2025’in ekoloji gündemi, 2024’ün son günlerinde alınan kararlarla şekillenmeye başladı. 27 Aralık 2024’te Afşin-Elbistan Termik Santrali’nde üretim kapasitesinin artırılması yönünde verilen karar, yeni yılın ilk aylarında çevre ve yaşam savunucularının itirazlarını büyüten başlıklardan biri oldu.
Ocak-şubat: Yurttaşlar termik santrallere, atık tesislerine ‘dur’ dedi
Şubat ayının ilk günlerinde Dersim’de Sütlüce köyü yakınlarında planlanan “entegre katı atık bertaraf tesisi” için iş makinelerinin alana girmesi üzerine köylüler ve çevre örgütleri bölgede nöbet ve protestolara başladı. Projenin doğaya ve yaşam alanlarına zarar vereceği belirtilirken, çalışmanın durdurulması çağrıları yapıldı.
PİRHA
İzmir’de ise “acele kamulaştırma” kararıyla gündeme gelen Tire–Belevi yol çalışması güzergâhındaki ağaç kesimlerine karşı Çayırlı köylüleri başta olmak üzere yurttaşların tepkisi şubat boyunca sürdü.
Aynı ay içinde çevre örgütleri, Aliağa’daki termik santral faaliyetlerine ilişkin itirazlarını yeniden gündeme taşıdı; santralın kapatılması gerektiği yönünde çağrılar yinelendi.
İklim krizinin etkileri de şubat ayından itibaren görünürleşti. Adıyaman Çat Barajı’nda yağışların düşmesiyle su seviyesindeki gerileme ve “yüzen adalar”ın kıyıya vurması, bölgede kuraklık kaygılarını artıran işaretlerden biri olarak kayda geçti.

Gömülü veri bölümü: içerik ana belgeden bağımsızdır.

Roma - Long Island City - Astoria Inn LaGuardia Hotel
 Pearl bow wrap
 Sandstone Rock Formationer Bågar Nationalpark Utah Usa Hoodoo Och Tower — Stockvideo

Mart: Maden sahalarına karşı itirazlar büyüdü
Mart ayında Malatya Arguvan’da köylerin maden sahası ilan edilmesine karşı yurttaşlar protestolar düzenledi; bölgenin endemik bitki çeşitliliği ve ekosistem yapısına dikkat çekilerek “yaşam alanları daraltılıyor” vurgusu öne çıktı.
Hatay’da ise Dikmece’de, hukuki süreç sonuçlanmadan zeytinlik ve ormanlık alanlarda iş makinelerinin çalışmaya başlaması tepkilere yol açtı. Deprem sonrası yaşam mücadelesi veren yurttaşlar, tarım arazilerinin ve zeytinliklerin imara açılmasına karşı nöbetlerini sürdürdü.
Nisan: Samandağ’da zeytinlik nöbeti ve Dersim’de ‘kutsala’ dokunan talan
Nisan ayında Hatay Samandağ’a bağlı Mağaracık ve Hıdırbey’de, yargı süreci devam etmesine rağmen iş makinelerinin jandarma eşliğinde arazilere girmesi tartışma yarattı. Yurttaşlar, zeytinliklerin sökülmesine karşı iş makinelerinin üzerine çıkarak çalışmayı durdurmaya çalıştı.
Dersim’in Pertek ilçesinde ise mera alanlarına pomza-kum ocağı kurulmasına karşı köylüler hem doğayı hem de inanç mekânlarını korumak için ses yükseltti.
Mayıs: GES, maden ve tarım alanları hattında direniş
Mayısta Mardin’de kırsal Zeytinli mahallesinde planlanan GES projesine karşı köylüler kepçelerin önüne oturarak meralarını savundu. Sivas Zara’da maden ocağı girişimlerine karşı yapılan protestolarda “doğaya dokunma” çağrıları öne çıktı.
Haziran-temmuz: ‘Süper izin’ tartışmaları ve zeytin nöbeti
Haziran ayında zeytinliklerin madencilik faaliyetlerine açılacağı gerekçesiyle eleştirilen ve kamuoyunda “süper izin” olarak anılan torba teklifin Meclis komisyon gündemine gelmesiyle birlikte Ankara’da protestolar düzenlendi.
Temmuzda Ankara’daki “zeytin nöbeti”nin sona ermesiyle ekoloji aktivistleri mücadeleyi yeniden köylere taşıyacaklarını duyurdu.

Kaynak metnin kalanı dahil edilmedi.